We have the following information:

• Stock A Beta: $\beta_A = 0.761$

• Stock B Beta: $\beta_B = 0.967$

• Stock C Beta: $\beta_C = 1.353$

• Weights of stocks in the portfolio:

  • Bartman Industries: 20% or $W_{\text{Bartman}} = 0.20$
  • Stock A: 15% or $W_A = 0.15$
  • Stock B: 40% or $W_B = 0.40$
  • Stock C: 25% or $W_C = 0.25$

We also assume the market risk premium (the expected return on the market minus the risk-free rate) and the risk-free rate are known or provided, but you haven't given that information. Let's assume:

• Market risk premium: 8% or $R_{\text{M}} - R_{\text{RF}} = 8\% = 0.08$
• Risk-free rate: 5% or $R_{\text{RF}} = 5\% = 0.05$

Step 2: Calculate the weighted average beta for the portfolio

The beta of a portfolio is the weighted sum of the betas of the individual assets. Since Bartman's beta is not provided, we will assume it as $\beta_{\text{Bartman}}$, and include it in our calculation.

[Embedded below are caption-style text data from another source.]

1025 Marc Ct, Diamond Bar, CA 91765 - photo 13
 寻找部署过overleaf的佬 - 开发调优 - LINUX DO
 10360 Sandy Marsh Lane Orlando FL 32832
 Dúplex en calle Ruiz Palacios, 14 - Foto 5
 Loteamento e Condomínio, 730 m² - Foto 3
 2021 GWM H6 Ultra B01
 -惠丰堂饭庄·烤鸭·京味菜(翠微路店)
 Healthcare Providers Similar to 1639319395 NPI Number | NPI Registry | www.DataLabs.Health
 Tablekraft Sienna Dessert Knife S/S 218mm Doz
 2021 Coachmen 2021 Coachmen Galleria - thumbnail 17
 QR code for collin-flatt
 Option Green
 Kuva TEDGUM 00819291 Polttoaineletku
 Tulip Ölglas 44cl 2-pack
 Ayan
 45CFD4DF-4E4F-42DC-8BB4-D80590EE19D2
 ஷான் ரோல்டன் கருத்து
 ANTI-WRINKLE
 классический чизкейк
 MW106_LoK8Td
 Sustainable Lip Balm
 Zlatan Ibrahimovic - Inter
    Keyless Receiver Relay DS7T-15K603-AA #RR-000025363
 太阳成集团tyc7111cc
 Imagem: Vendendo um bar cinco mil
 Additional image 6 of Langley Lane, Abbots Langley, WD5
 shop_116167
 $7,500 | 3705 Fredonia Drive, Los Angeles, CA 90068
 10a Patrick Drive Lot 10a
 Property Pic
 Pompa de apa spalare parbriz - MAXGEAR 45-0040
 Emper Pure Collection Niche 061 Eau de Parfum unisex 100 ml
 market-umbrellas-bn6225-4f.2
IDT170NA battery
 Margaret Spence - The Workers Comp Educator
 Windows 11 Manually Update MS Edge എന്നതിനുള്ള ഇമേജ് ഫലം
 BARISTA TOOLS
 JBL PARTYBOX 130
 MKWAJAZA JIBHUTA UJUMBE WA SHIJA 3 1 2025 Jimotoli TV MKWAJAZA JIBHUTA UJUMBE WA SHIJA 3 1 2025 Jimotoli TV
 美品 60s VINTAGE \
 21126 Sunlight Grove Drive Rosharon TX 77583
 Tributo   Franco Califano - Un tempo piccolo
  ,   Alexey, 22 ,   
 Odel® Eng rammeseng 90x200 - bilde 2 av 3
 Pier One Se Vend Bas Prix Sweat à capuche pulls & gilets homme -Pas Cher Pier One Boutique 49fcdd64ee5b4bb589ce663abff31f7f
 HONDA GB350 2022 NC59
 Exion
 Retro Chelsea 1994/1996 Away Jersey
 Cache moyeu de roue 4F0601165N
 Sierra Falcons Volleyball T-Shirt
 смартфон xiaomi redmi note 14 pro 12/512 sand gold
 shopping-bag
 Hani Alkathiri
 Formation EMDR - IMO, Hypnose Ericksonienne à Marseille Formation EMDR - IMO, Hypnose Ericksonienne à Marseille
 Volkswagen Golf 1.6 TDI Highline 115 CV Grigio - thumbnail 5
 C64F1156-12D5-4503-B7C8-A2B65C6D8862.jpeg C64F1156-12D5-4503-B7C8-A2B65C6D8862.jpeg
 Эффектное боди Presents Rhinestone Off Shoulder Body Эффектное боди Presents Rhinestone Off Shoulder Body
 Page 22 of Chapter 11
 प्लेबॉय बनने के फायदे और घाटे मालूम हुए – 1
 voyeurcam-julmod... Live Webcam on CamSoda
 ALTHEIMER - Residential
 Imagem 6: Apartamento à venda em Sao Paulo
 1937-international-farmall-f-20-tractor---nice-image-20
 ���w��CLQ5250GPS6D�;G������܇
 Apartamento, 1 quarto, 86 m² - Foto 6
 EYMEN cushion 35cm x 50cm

$\beta_{\text{portfolio}} = W_{\text{Bartman}} \cdot \beta_{\text{Bartman}} + W_A \cdot \beta_A + W_B \cdot \beta_B + W_C \cdot \beta_C$

Substituting the given values:

$\beta_{\text{portfolio}} = 0.20 \cdot \beta_{\text{Bartman}} + 0.15 \cdot 0.761 + 0.40 \cdot 0.967 + 0.25 \cdot 1.353$

Simplifying the right-hand side:

$\beta_{\text{portfolio}} = 0.20 \cdot \beta_{\text{Bartman}} + 0.11415 + 0.3868 + 0.33825$

$\beta_{\text{portfolio}} = 0.20 \cdot \beta_{\text{Bartman}} + 0.8392$

Step 3: Use the Capital Asset Pricing Model (CAPM) to calculate the required return

The formula for the required return using CAPM is:

$R_{\text{portfolio}} = R_{\text{RF}} + \beta_{\text{portfolio}} \cdot (R_{\text{M}} - R_{\text{RF}})$

Substituting values:

$R_{\text{portfolio}} = 0.05 + \left( 0.20 \cdot \beta_{\text{Bartman}} + 0.8392 \right) \cdot 0.08$

Now, you can either provide the beta for Bartman Industries, or I can help you solve this equation further by assuming a value for it.

Do you want to proceed with an assumed beta for Bartman, or do you have the value of its beta available?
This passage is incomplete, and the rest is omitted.